The Amazon standard is a swamp, which isn't great news for the internet ecosystem. Kozinski's reasoning may be persuasive - his point is: what's the difference between one link in the chain of connection and another? Who cares when and by whom an unauthorized copy is made? He sees copyright law as economic policy; we've decided to protect owners of copyright, and that means protecting them against the depredations of everyone involved in the infringement, whether they're duplicating files or just handing over the cash.
Because it's a web out there, and because we've got lots of U.S. actors who depend on protection from liability in order to operate massive free multi-purpose platforms that end-users really like, extending the monopoly of copyright to cover every possible intermediary would bring the system to its knees. Unlimited liability for intermediaries housed in this country could have the effect of driving a great deal of innovation offshore.
These are just vibrations - the opinions both go mostly in the "right" direction.
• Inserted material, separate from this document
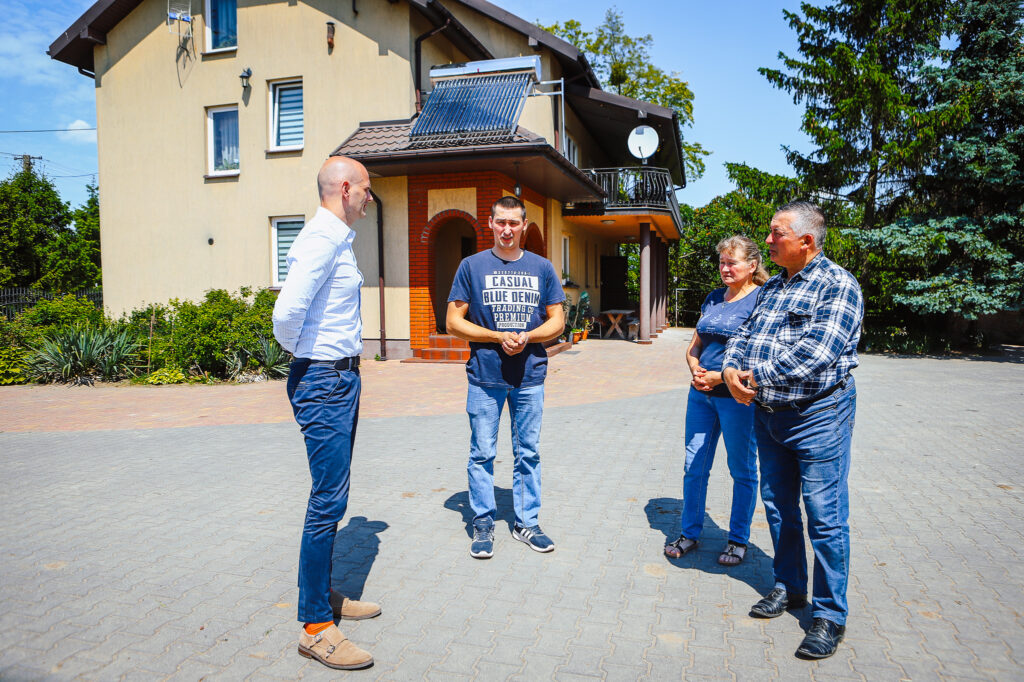 Pole truskawkowe w gminie Mała Wieś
But other shoes, in other circuits, can always drop.
==update: report that a Belgian court has ruled that an ISP must stop file-sharing on its network. Thanks to Dirk van der Woude.
"This is an extremely significant ruling which bears out exactly what we have been saying for the last two years - that the internet's gatekeepers, the ISPs, have a responsibility to help control copyright-infringing traffic on their networks," IFPI Chairman and CEO John Kennedy said.
"The court has confirmed that the ISPs have both a legal responsibility and the technical means to tackle piracy. This is a decision that we hope will set the mould for government policy and for courts in other countries in Europe and around the world," he added.